## What you need to do
Set the pictures aside and return each record below precisely as written.

━━━━━ Provided material ━━━━━

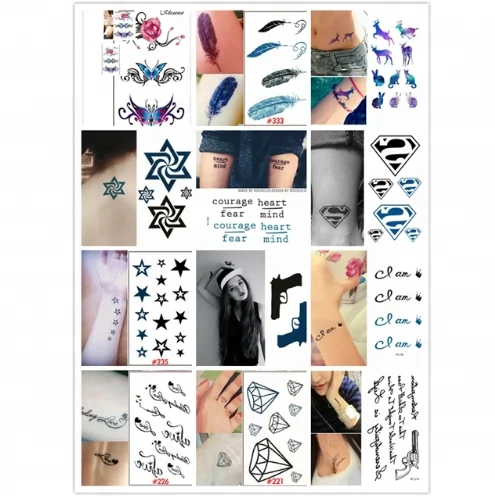 Nieuwe Zwart Wit Sterren Ontwerp Waterdichte Tijdelijke Tattoo Stickers Vrouw Sexy Tattoos Sticker
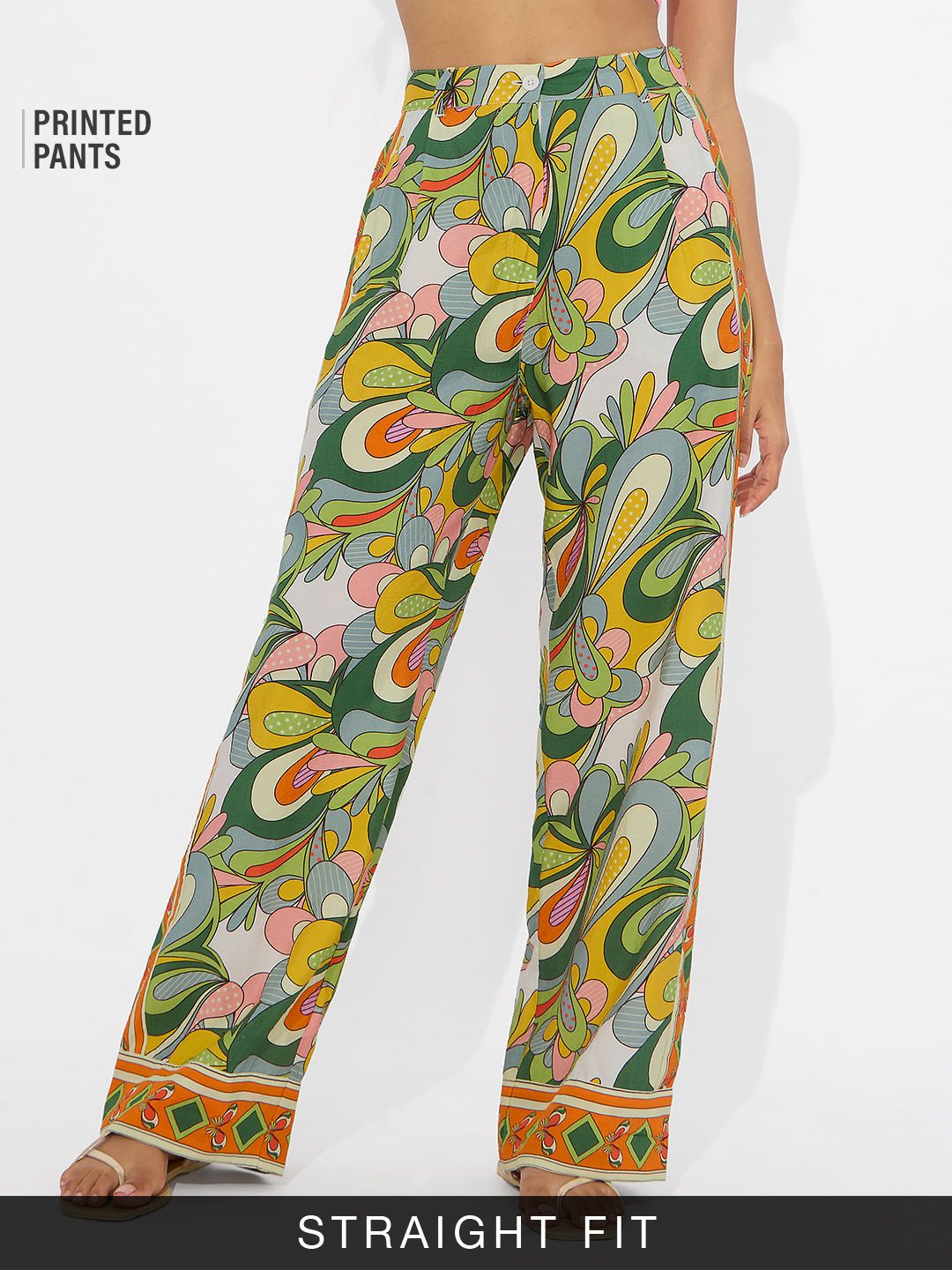Solid Tan Paisley Pants main image 1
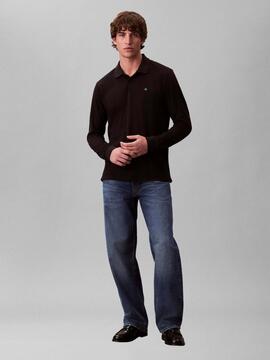 POLO MANGA LARGA CASUAL PIQUE REGULAR FIT BLACK NEGRO
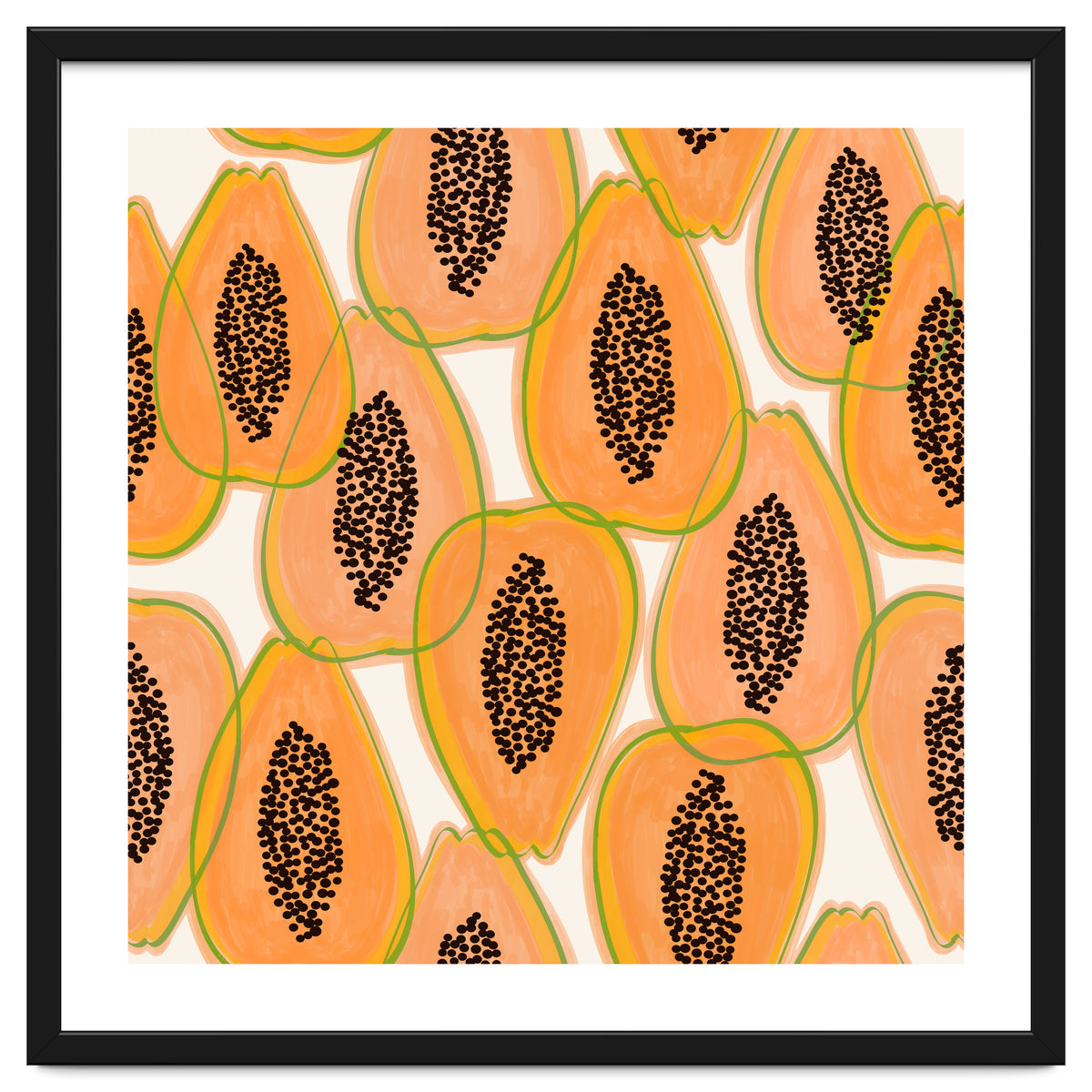 Papaya Cravings | Pastel Watercolor Tropical Fruit Food Painting | Juicy Sweet Illustration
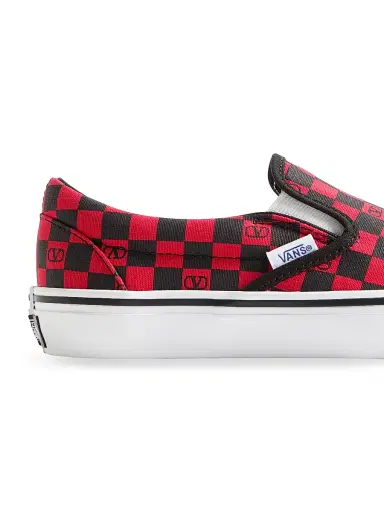Valentino Garavani Women's and Vans Slip-On Sneakers in Fabric with VLogo Checkerboard Print - Rouge Pur Black | Thumbnail 6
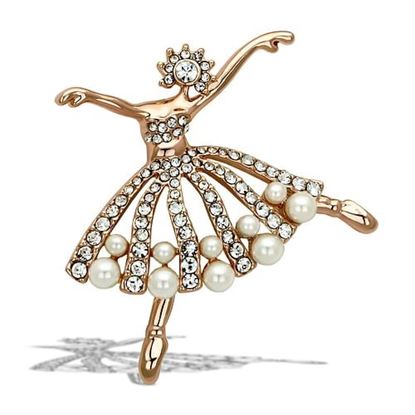 Picture of LO2802 - White Metal Brooches Flash Rose Gold Women Synthetic White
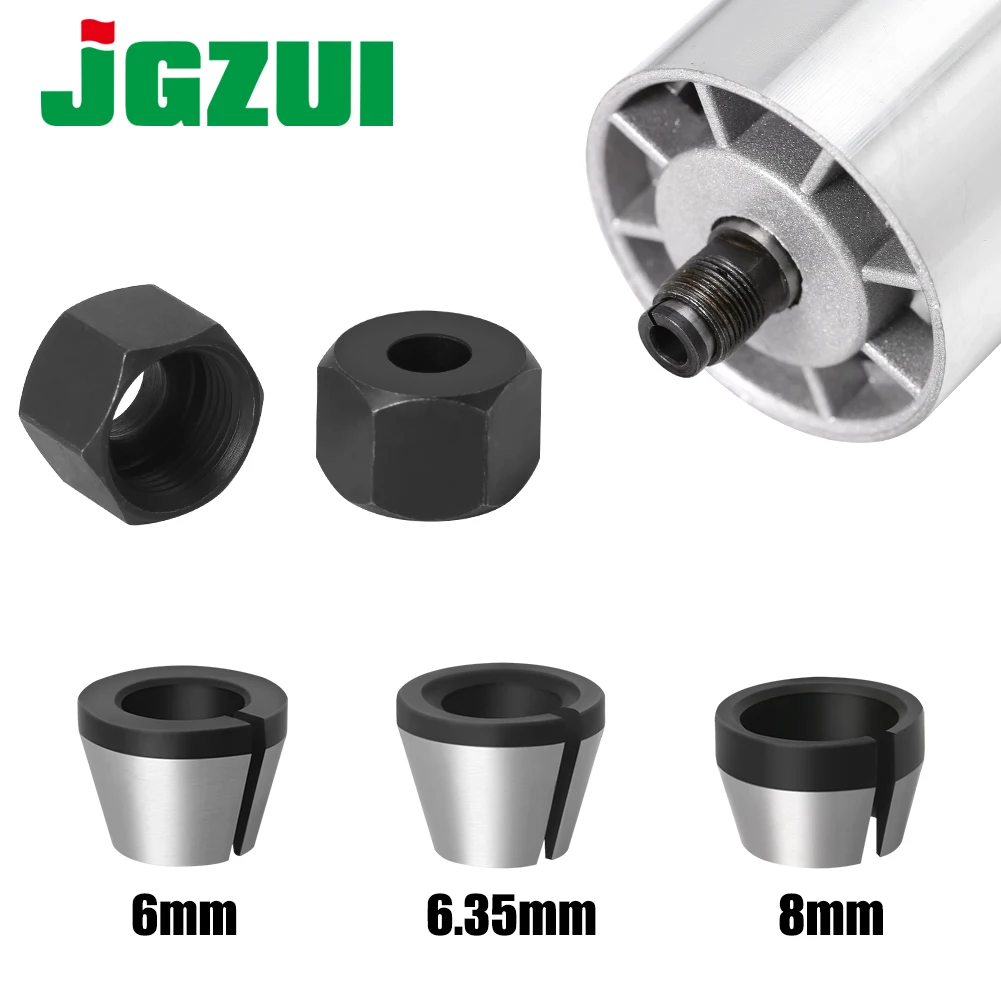 6mm or 6.35mm or 8mm collet chuck with nut Engraving Trimming Machine Electric Router Milling Cutter Accessories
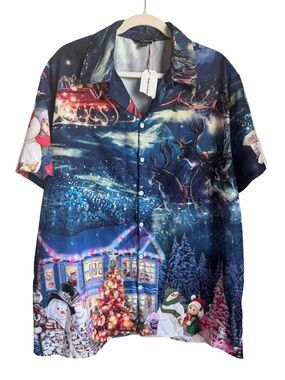OUKU Men's Chistmas Santa Reindeer Snowman Button Down Shirt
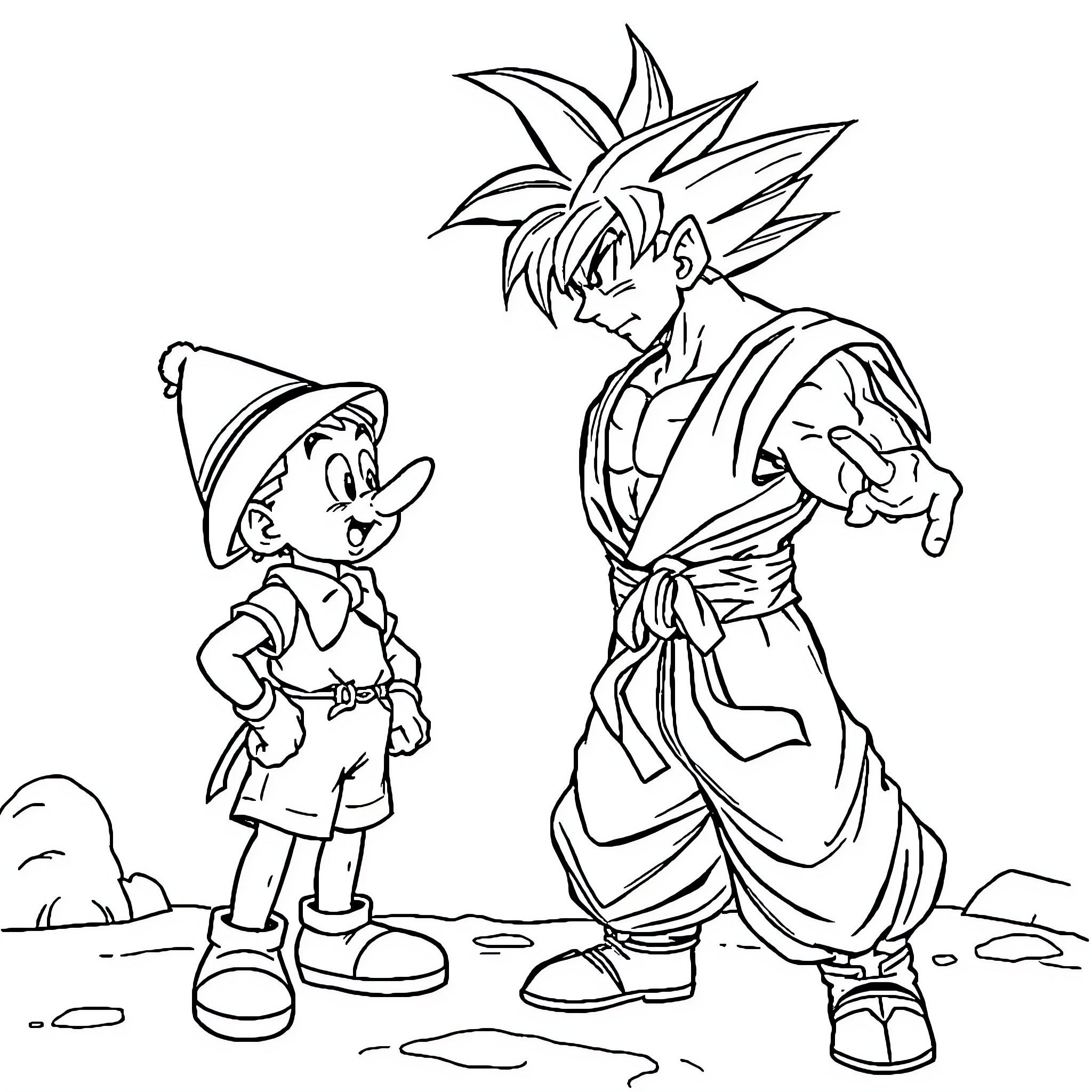 Goku and Pinocchio in Adventure Coloring Page (free black-and-white line drawing printable PDF for all, from beginners to advanced learners, including children, teens, adults, and seniors)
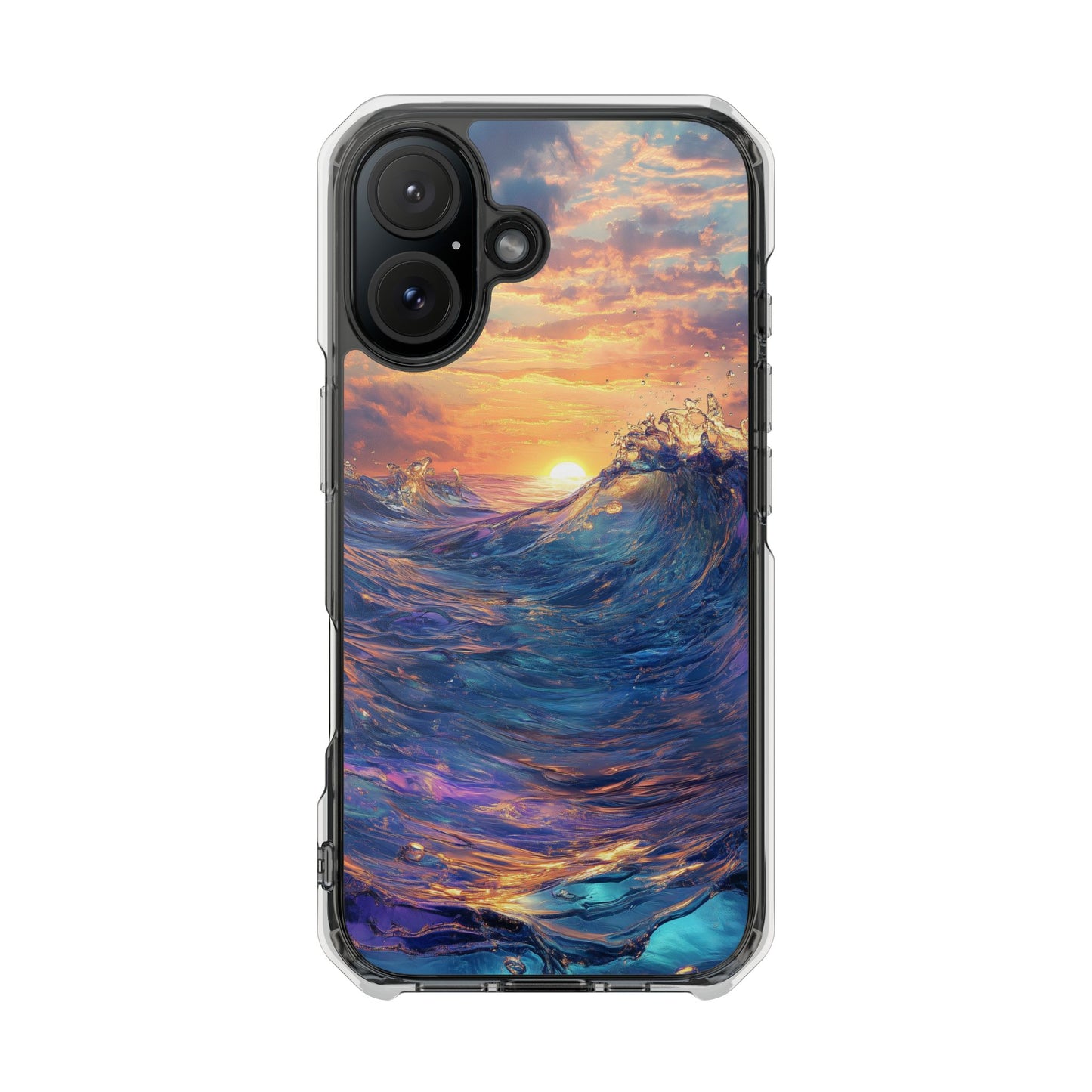 Glowing Tidal Wave Magnetic Clear iPhone Case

━━━━━

## Solution to this exercise
 Nieuwe Zwart Wit Sterren Ontwerp Waterdichte Tijdelijke Tattoo Stickers Vrouw Sexy Tattoos Sticker
Solid Tan Paisley Pants main image 1
 POLO MANGA LARGA CASUAL PIQUE REGULAR FIT BLACK NEGRO
 Papaya Cravings | Pastel Watercolor Tropical Fruit Food Painting | Juicy Sweet Illustration
Valentino Garavani Women's and Vans Slip-On Sneakers in Fabric with VLogo Checkerboard Print - Rouge Pur Black | Thumbnail 6
 Picture of LO2802 - White Metal Brooches Flash Rose Gold Women Synthetic White
 6mm or 6.35mm or 8mm collet chuck with nut Engraving Trimming Machine Electric Router Milling Cutter Accessories
OUKU Men's Chistmas Santa Reindeer Snowman Button Down Shirt
 Goku and Pinocchio in Adventure Coloring Page (free black-and-white line drawing printable PDF for all, from beginners to advanced learners, including children, teens, adults, and seniors)
 Glowing Tidal Wave Magnetic Clear iPhone Case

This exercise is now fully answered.